新参(二)
安寿に声をかけたのは、大夫の荘の婢女のひとりで、小萩という少女だった。
「あんた、どこから来たの」
色白の安寿と違い、小萩は小麦色に焼けた肌をしていて、背丈こそ高くはなかったが、がっしりとした壮健な身体つきをしていた。もっとも、これは浜に来ている婢女の多くに当てはまる特徴ではあったが、中でも歳の若い小萩には、あたかも空へ広がる赤松の枝のような力強さが、目に見えて感じられるのだった。
「あたしは伊勢の小萩。伊勢の二見浦から売られてきたのよ」
「私は陸奥の信夫から……」
「名前は?」
「しのぶ……」
……とここでは呼ばれています、と安寿はつづけようとしたが、
「そのまんまじゃない」
小萩は笑って言った。
「でも、いい名前。そう呼んでいい? そう呼ぶね、しのぶ」
安寿はこれを聞いて、このしのぶという名も悪くはないかもしれないと思った。小萩としのぶ、忘れ草……しかし、弟はやっぱり、他のだれかがいないときには厨子王と呼ぶことに決めた。
小萩は潮の汲みかたを丁寧に教えてくれた。水際に響く、少し掠れたような爽やかな声音が、安寿にはとても心地よく聞こえた。
昼になり、ふたりは他の婢女と少し離れた場所で一緒に食事をした。小萩は仲間の休んでいる磯のほうを眺めながら、
「悪く思わないでね」
と言った。
「ここではみんな、自分のことで精一杯なの。仲間とおしゃべりするのも、ふざけあうのも、みんな自分の寂しさを紛らわすためだから、あえて新入りに関わろうとはしないのよ」
「じゃあ、小萩さんは」
「小萩」
「……」
鳶が高い声を響かせて、晴れた上空を飛んでいく。小萩は白い歯を見せて笑った。
「小萩って呼んで」
そうして、
「あたしはほら、あんたと歳が近いから」
食後の椀に少しの潮水を汲むと、少し口をつけてから安寿のほうへ差し出した。安寿はそれを受け取ると、同じように口をつけた。辛い潮の香りが口の中へ広がった。
「これで、あんたはあたしの妹になったわ」
***
この日以来、安寿と厨子王のきょうだいは、少しずつ周囲に打ち解けていった。厨子王は何人かの奴たちと仲良くなってかわいがられたし、安寿も小萩と打ち解けて、徐々に身の上話などをするようにもなった。
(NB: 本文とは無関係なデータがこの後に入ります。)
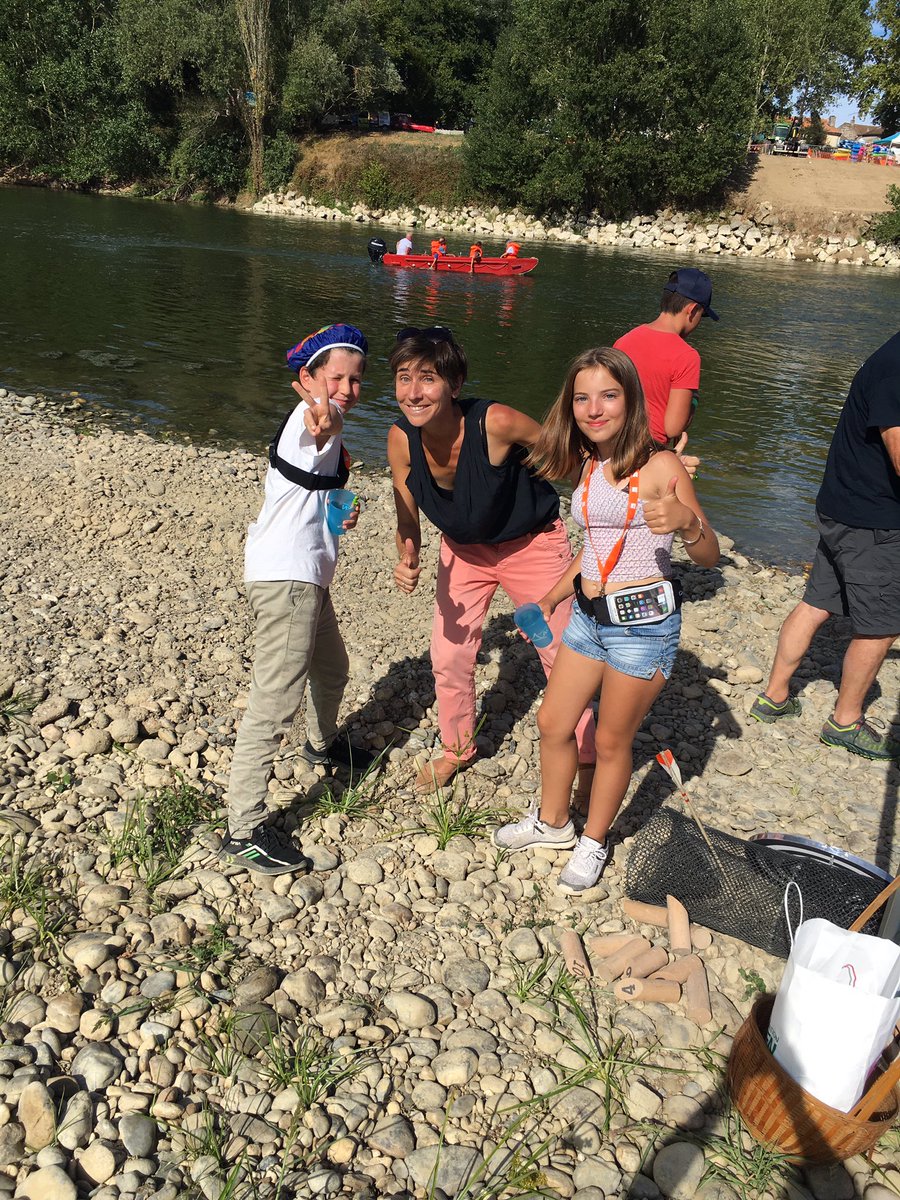😍 #garonneenfete pour allier sport, découverte et culture du fleuve ! C’était aujourd’hui <a href="/AggloAgen/">Agglomération d'Agen 🇫🇷🇪🇺🇺🇦</a> le #défigaronne notre animation sur l’île grande, face à la cale de Saint-Hilaire ! Accessible en bateau ou en tyrolienne 🤩 avec de jeunes ligériens 👌en co-animation !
安寿は他の婢女たちとも、小萩を介して話をするようになった。婢女たちは口々に、「しのぶはかわいらしいから、男どもに気をつけな」と言ってからかった。安寿は困った顔をして小萩のほうを見るのだが、小萩は爽やかな笑みを返すばかりなので、そのたびにいつも膨れてみせるのだった。
辛いのは夜だった。きょうだいは夕方の再会を泣いてよろこび、ともに食事をして床につくのだが、あたりが静かになると急に寂しさが押し寄せてくる。昼間の仲間との会話が弾めば弾むほど、反動となって闇夜の空虚が濃く深くなってくるような気さえしていた。
「姉さん……」
「なに、厨子王」
「お母さまが、恋しい……」
「……うん」
「お父さまのところへ行きたい」
「……うん」
「姉さん……」
「厨子王」
筵の上で、姉はそっと、弟の手に自分のを重ねた。
「姉さんはずっと、お前と一緒にいるよ……」
お互いの存在が、寂しい夜の間の唯一の希望だった。